■ WHAT THE TASK REQUIRES: What is needed here is an exact repetition of the records below, beginning at the line that has "[LINEスタンプ] うに猫のひと言①" and stopping after the line that has "Крымский зоопарк ЗИМОЙ".

Crawled caption data
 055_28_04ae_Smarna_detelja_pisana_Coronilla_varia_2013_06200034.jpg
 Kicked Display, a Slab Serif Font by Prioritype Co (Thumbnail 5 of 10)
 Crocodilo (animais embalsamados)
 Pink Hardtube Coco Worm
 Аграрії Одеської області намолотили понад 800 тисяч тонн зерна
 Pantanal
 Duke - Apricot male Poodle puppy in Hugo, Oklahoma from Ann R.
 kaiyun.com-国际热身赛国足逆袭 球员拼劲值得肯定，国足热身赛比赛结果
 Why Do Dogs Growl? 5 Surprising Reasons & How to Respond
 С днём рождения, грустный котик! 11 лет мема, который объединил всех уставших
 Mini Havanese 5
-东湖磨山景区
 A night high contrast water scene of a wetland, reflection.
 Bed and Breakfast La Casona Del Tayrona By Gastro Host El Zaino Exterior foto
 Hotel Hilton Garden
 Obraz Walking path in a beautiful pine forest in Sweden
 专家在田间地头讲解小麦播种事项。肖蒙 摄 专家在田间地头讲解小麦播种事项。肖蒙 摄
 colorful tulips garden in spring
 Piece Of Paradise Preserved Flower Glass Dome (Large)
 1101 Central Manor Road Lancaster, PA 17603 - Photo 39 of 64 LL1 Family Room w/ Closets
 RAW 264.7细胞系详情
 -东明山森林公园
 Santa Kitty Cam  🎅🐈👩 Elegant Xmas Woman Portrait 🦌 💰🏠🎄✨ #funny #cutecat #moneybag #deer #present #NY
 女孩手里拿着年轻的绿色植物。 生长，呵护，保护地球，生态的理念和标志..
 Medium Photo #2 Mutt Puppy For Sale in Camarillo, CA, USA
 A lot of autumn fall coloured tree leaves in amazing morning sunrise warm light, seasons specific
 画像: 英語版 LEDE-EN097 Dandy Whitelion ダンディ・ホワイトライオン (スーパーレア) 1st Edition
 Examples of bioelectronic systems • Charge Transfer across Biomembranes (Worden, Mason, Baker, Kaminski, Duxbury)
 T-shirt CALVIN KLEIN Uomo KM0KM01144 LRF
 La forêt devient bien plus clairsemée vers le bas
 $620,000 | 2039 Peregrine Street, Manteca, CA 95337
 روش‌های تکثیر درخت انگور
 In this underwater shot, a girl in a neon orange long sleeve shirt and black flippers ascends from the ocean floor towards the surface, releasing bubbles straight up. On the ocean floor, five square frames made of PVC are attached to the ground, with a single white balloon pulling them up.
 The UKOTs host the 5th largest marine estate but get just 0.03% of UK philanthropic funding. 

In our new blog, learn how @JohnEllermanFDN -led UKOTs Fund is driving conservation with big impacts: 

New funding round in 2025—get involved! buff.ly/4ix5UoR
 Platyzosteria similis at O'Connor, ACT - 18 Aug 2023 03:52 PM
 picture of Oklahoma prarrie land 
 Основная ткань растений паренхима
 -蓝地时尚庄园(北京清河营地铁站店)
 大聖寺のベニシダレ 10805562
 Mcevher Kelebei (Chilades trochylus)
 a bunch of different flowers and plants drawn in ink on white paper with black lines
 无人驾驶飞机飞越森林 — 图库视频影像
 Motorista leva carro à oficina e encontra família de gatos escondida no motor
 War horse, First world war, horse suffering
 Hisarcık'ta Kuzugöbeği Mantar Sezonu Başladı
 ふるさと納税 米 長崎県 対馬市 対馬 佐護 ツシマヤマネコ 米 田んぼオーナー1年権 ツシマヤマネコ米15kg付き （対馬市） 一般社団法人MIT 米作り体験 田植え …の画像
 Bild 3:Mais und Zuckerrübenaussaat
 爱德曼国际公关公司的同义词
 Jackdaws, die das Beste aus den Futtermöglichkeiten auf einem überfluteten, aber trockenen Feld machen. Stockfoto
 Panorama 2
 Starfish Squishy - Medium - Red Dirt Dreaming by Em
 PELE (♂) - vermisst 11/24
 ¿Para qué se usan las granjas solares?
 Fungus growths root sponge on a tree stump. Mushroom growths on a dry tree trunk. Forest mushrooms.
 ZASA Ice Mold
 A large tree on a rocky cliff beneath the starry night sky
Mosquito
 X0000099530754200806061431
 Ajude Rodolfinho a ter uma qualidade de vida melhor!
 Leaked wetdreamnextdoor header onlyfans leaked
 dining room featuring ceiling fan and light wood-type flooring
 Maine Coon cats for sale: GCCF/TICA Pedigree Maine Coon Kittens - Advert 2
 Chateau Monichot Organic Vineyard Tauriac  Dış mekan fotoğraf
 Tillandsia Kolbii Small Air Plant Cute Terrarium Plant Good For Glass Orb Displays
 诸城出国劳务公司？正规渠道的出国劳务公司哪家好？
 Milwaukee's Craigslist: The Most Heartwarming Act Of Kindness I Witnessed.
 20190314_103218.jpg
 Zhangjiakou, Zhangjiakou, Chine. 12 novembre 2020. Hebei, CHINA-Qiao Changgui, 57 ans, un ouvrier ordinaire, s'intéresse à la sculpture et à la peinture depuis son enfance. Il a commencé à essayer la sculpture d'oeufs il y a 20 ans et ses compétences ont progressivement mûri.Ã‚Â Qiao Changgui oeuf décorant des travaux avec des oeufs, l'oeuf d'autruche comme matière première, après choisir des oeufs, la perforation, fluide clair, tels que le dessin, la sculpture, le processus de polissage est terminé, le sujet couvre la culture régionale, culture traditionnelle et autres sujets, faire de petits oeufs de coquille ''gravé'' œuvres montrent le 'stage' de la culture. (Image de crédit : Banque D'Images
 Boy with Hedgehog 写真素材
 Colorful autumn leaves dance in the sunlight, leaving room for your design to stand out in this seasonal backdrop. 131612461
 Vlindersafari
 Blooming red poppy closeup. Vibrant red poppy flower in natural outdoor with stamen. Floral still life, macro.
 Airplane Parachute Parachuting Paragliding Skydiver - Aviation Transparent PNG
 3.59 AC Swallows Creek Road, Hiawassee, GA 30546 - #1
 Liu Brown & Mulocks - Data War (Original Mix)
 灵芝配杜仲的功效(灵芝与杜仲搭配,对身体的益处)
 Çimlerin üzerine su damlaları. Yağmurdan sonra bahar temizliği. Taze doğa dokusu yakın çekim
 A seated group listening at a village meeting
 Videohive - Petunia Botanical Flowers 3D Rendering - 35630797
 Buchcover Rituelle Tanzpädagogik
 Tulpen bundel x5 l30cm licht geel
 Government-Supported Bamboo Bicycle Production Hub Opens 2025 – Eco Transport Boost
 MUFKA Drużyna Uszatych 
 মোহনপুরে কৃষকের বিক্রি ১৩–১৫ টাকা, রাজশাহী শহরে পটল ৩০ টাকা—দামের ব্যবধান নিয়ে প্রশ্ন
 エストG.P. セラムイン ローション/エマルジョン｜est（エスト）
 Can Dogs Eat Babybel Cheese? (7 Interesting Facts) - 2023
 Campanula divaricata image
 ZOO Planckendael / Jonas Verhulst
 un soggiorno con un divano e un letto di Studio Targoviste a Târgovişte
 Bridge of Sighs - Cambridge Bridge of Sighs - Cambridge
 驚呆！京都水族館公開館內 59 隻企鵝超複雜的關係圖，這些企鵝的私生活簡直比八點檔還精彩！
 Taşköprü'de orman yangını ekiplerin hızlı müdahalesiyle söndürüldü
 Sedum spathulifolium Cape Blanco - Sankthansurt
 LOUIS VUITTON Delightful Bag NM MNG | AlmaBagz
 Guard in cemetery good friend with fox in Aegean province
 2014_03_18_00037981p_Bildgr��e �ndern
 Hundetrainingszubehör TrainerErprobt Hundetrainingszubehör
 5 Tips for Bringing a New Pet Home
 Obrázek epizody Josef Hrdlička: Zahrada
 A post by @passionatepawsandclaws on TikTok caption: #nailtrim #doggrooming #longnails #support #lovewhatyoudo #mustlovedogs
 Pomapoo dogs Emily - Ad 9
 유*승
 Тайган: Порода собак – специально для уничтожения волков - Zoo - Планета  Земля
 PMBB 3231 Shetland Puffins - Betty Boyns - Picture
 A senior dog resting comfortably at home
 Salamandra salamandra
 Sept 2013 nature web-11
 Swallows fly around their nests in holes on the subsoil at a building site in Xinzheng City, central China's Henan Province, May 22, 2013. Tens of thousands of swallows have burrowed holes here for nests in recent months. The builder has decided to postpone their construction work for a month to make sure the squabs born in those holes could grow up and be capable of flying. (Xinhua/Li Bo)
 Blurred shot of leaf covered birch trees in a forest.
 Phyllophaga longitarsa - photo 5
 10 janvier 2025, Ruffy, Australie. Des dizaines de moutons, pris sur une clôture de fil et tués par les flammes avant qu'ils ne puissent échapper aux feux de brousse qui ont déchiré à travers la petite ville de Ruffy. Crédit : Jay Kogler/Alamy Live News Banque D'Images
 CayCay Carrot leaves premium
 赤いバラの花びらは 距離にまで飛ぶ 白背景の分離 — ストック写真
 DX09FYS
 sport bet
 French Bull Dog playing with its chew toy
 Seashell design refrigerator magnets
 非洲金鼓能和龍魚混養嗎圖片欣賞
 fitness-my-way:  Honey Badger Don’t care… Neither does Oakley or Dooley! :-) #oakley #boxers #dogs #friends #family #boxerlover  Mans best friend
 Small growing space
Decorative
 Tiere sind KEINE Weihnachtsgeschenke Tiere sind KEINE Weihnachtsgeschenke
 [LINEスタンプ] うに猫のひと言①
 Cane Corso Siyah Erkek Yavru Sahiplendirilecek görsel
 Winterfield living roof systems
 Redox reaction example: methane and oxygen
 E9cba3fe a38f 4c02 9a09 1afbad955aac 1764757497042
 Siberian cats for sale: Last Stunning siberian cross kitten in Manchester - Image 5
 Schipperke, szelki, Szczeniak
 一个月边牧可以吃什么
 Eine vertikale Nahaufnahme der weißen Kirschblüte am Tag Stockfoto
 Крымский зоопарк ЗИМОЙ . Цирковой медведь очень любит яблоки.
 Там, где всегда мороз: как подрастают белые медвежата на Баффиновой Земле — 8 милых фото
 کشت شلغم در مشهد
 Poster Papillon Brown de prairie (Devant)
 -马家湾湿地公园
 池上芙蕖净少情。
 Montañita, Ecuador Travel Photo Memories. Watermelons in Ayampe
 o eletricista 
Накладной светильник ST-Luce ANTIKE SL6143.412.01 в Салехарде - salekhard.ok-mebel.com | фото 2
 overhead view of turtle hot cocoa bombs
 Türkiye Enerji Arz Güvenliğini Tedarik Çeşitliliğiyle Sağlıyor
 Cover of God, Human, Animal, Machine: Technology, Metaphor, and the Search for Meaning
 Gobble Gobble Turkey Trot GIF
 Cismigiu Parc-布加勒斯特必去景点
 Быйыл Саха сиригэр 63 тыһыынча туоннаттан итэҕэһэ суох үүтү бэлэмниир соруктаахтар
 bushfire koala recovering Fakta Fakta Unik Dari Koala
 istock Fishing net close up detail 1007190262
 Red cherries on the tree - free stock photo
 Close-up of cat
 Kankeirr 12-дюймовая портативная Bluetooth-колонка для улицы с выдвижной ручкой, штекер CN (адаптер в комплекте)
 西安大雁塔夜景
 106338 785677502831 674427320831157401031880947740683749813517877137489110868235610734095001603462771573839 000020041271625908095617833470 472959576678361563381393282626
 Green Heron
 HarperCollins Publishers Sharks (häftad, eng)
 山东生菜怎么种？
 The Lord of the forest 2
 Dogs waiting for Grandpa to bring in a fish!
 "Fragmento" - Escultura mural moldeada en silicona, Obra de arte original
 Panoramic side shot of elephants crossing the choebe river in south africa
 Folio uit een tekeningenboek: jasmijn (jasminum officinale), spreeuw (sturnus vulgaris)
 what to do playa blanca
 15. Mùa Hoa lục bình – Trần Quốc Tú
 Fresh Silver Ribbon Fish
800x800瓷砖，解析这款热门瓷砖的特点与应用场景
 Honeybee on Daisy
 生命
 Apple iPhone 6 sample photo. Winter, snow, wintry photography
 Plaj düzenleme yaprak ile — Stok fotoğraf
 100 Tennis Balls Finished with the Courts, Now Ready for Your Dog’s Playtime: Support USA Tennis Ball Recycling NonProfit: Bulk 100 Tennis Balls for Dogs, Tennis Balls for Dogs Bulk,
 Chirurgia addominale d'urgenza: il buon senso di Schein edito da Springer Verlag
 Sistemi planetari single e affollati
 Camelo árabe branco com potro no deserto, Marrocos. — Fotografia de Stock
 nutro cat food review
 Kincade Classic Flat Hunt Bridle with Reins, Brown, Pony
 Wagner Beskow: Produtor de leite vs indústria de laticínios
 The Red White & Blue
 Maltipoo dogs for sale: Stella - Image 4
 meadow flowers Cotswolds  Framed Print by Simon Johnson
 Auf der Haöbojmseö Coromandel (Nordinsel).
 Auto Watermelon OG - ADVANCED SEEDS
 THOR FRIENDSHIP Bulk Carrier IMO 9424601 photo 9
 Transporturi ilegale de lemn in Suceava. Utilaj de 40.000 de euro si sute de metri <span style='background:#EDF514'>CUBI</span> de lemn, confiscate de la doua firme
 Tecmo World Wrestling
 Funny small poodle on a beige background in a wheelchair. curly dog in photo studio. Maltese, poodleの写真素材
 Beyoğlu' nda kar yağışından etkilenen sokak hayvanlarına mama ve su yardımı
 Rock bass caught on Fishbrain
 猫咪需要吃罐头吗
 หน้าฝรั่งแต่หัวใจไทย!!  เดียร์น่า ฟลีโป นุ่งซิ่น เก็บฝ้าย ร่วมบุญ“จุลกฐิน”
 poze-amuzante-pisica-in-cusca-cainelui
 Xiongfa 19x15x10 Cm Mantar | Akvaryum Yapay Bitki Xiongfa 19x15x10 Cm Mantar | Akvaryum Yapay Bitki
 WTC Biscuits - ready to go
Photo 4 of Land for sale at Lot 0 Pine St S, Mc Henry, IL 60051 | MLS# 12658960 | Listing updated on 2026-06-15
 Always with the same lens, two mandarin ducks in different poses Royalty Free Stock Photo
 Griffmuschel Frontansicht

■ SOLUTION TO THIS TASK:
 [LINEスタンプ] うに猫のひと言①
 Cane Corso Siyah Erkek Yavru Sahiplendirilecek görsel
 Winterfield living roof systems
 Redox reaction example: methane and oxygen
 E9cba3fe a38f 4c02 9a09 1afbad955aac 1764757497042
 Siberian cats for sale: Last Stunning siberian cross kitten in Manchester - Image 5
 Schipperke, szelki, Szczeniak
 一个月边牧可以吃什么
 Eine vertikale Nahaufnahme der weißen Kirschblüte am Tag Stockfoto
 Крымский зоопарк ЗИМОЙ . Цирковой медведь очень любит яблоки.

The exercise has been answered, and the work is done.